### EXERCISE PROMPT
Word for word, set down every line of the entries below from the line with "image for item DK1877" to the line with "Inox overloop jacuzzi in wellness Ayur-yoga", including both, and no other line.

[Items from a dataset]
________

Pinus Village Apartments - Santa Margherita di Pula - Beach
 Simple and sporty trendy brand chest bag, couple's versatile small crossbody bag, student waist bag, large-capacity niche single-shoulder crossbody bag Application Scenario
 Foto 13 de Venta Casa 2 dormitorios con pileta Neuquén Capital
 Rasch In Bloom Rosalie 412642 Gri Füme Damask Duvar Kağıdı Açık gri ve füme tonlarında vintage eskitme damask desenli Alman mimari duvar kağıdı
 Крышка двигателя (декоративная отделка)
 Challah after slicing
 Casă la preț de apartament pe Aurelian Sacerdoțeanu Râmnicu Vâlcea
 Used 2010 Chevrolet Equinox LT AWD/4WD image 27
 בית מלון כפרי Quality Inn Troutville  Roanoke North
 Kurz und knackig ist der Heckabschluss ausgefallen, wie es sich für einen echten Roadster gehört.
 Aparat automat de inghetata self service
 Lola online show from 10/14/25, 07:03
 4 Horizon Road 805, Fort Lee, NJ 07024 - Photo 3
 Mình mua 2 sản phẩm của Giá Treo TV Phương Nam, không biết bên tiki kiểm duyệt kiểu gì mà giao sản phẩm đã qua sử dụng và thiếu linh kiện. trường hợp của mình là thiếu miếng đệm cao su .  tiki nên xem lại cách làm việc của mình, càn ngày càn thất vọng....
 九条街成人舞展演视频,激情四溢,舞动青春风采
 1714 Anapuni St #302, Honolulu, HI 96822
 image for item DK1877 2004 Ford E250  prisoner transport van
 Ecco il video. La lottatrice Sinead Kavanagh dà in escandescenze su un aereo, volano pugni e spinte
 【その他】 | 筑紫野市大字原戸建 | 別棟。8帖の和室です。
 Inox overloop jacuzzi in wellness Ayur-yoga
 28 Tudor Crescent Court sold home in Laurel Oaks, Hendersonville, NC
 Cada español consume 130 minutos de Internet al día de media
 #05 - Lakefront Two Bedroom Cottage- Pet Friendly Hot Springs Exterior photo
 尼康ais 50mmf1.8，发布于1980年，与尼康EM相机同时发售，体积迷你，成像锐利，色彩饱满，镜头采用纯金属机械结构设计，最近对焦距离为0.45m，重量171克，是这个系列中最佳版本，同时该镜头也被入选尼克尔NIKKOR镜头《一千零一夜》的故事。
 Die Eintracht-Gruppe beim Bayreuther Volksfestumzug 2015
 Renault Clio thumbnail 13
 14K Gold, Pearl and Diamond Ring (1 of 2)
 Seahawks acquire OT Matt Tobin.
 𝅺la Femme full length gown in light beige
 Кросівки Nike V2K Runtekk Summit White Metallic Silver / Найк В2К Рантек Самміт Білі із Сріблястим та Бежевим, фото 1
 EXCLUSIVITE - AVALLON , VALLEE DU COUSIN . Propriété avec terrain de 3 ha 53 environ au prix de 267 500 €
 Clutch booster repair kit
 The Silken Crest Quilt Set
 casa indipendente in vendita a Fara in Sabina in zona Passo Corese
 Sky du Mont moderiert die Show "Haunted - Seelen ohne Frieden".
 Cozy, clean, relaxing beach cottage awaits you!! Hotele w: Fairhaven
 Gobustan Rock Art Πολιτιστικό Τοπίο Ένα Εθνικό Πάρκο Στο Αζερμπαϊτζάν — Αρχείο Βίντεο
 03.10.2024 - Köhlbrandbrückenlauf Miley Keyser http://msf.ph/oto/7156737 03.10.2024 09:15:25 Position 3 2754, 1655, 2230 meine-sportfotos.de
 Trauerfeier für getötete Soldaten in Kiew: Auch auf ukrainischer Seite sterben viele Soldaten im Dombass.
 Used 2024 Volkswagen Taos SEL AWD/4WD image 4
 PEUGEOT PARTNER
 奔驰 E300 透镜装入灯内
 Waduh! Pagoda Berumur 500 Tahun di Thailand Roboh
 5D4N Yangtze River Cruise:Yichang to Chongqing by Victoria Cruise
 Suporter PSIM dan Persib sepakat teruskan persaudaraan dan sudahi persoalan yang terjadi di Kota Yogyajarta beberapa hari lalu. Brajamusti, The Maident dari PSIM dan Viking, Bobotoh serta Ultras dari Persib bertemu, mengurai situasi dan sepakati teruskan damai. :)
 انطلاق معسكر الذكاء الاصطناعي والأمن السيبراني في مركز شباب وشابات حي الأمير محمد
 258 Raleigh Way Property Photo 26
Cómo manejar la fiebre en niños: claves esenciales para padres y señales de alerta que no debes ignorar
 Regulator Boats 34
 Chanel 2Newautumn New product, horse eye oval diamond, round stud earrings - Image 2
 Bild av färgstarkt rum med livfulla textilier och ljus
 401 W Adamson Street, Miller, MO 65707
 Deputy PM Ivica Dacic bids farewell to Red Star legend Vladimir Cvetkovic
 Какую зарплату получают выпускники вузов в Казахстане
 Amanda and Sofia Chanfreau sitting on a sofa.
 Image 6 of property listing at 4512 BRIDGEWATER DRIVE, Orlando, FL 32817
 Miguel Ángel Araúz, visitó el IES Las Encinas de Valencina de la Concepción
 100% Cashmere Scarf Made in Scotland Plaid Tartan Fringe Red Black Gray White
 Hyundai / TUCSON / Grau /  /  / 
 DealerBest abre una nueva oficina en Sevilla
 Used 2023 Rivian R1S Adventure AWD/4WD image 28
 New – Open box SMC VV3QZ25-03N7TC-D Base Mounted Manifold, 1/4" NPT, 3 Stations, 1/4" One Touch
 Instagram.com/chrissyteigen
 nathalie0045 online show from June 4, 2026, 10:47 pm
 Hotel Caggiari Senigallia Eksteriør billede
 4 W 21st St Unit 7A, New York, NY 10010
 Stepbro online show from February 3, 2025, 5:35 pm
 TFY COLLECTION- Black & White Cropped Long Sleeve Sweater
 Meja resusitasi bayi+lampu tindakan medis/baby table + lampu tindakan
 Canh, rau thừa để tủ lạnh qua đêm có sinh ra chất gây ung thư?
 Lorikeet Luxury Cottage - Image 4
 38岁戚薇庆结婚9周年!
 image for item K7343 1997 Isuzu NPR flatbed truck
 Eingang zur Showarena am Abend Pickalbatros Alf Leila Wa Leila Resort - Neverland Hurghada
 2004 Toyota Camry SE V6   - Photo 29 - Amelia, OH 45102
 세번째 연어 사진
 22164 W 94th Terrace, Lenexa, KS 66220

________

### THE COMPLETED TASK
 image for item DK1877 2004 Ford E250  prisoner transport van
 Ecco il video. La lottatrice Sinead Kavanagh dà in escandescenze su un aereo, volano pugni e spinte
 【その他】 | 筑紫野市大字原戸建 | 別棟。8帖の和室です。
 Inox overloop jacuzzi in wellness Ayur-yoga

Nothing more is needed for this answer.